- TO DO -
Only one stretch of the listing below is wanted: every line from the first to the line containing "Nike Kansas City", set down exactly.

RECORDS FOR PROCESSING Block Start

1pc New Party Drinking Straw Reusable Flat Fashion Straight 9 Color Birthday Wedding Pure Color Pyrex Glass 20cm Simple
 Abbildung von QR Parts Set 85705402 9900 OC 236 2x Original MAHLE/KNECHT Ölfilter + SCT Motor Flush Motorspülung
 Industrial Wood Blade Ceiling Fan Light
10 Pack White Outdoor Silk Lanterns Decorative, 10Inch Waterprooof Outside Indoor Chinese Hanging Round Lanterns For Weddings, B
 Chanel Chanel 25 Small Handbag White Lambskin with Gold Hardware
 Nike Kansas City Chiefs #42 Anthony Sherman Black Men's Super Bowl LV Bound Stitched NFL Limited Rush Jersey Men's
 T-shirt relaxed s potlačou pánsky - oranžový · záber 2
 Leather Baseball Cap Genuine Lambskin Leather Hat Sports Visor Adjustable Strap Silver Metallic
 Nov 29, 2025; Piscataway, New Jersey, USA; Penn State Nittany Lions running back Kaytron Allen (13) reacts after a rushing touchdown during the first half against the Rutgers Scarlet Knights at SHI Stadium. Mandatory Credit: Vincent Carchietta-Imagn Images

RECORDS FOR PROCESSING Block End

- ANSWER BOX -
1pc New Party Drinking Straw Reusable Flat Fashion Straight 9 Color Birthday Wedding Pure Color Pyrex Glass 20cm Simple
 Abbildung von QR Parts Set 85705402 9900 OC 236 2x Original MAHLE/KNECHT Ölfilter + SCT Motor Flush Motorspülung
 Industrial Wood Blade Ceiling Fan Light
10 Pack White Outdoor Silk Lanterns Decorative, 10Inch Waterprooof Outside Indoor Chinese Hanging Round Lanterns For Weddings, B
 Chanel Chanel 25 Small Handbag White Lambskin with Gold Hardware
 Nike Kansas City Chiefs #42 Anthony Sherman Black Men's Super Bowl LV Bound Stitched NFL Limited Rush Jersey Men's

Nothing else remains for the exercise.